The Punjab Unaided Technical Institution Association (PUTIA), which comprises several private management, engineering and other professional institutions, on Saturday said the Punjab government should not adopt a policy of subsidizing institutions from outside the state while making things tougher for Punjab’s own institutions.
The foundation stone of the ISB, one of the leading business schools in the world, was laid in Mohali this week. It would be ISB’s second campus outside Hyderabad and is expected to be completed by February 2012.
These corporate institutions include Max India institute of Healthcare Management, Bharti Institute of Public Policy, and BML Munjal Hero Honda Institute of Manufacturing Excellence. Each has pooled in Rs.50 crore for the ISB-Mohali campus.
The Punjab government allotted 70 acres of prime land to the ISB for a token amount of Re.1 for a 99-year lease. The land was acquired at Rs.6.3 million (Rs.63 lakh) per acre by the state government. The present market rate for the land is Rs.15 mn (Rs.1.5 crore) per acre.
“On the same day when the ISB was given land, the draft of The Punjab (Institutions and other Buildings) Tax Act, 2010 has also been approved by the cabinet to levy property tax on the institutions. The intention of the government is crystal clear. The financial loss occurring on subsidizing the entry of outsiders by giving free land of hundreds of crores of rupees will be met from the pockets of the state institutions,” J.S. Dhaliwal, president of PUTIA, said after a meeting of the professional institutions.
PUTIA members said while the Punjab government’s high-level committee on resource mobilization, comprising Deputy Chief Minister Sukhbir Singh Badal and Industries and Commerce Minister Manoranjan Kalia, were recommending generation of more resources and funds, the subsidized land for ISB was causing confusion.
They also objected to the fact that while ISB management will decide their fee structure, other institutions are bound by Punjab government rules on fee fixation.
“The government is much interested in pleasing the outsiders at the cost of state institutions. Admissions, student intake, fee, all will be decided by the ISB promoters.
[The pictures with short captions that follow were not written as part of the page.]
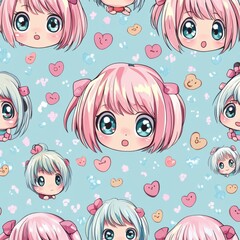 Anime Character Faces Seamless Pattern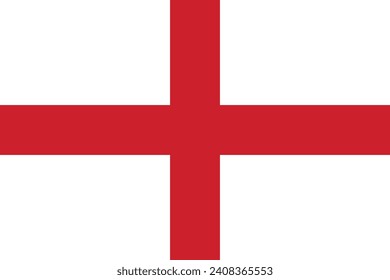 Ilustración plana de la bandera de Inglaterra. Diseño de la bandera inglesa.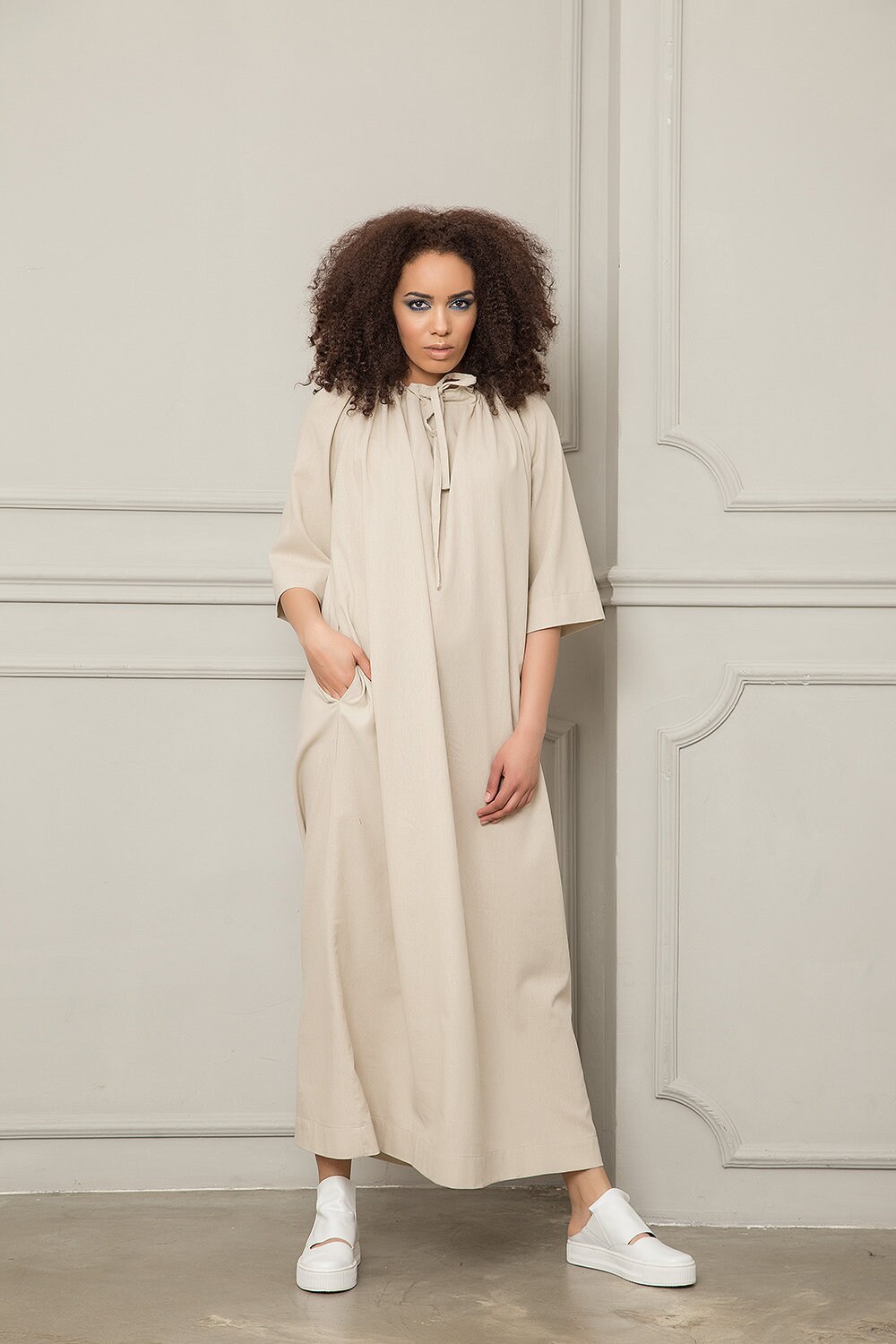 Linen Dress Linen Clothing Linen Kaftan Dress With Sleeves | Etsy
While in Punjab, fee fixation is a state subject,” Dhaliwal added.
While the Punjab government has fixed the fee for management courses at Rs.125,000, the ISB charges between Rs.3-3.5 mn (Rs.30-35 lakh) per student.
PUTIA members pointed out at the meeting that unlike ISB, other educational institutions were required to procure land at commercial rates and were not given any financial assistance by the government.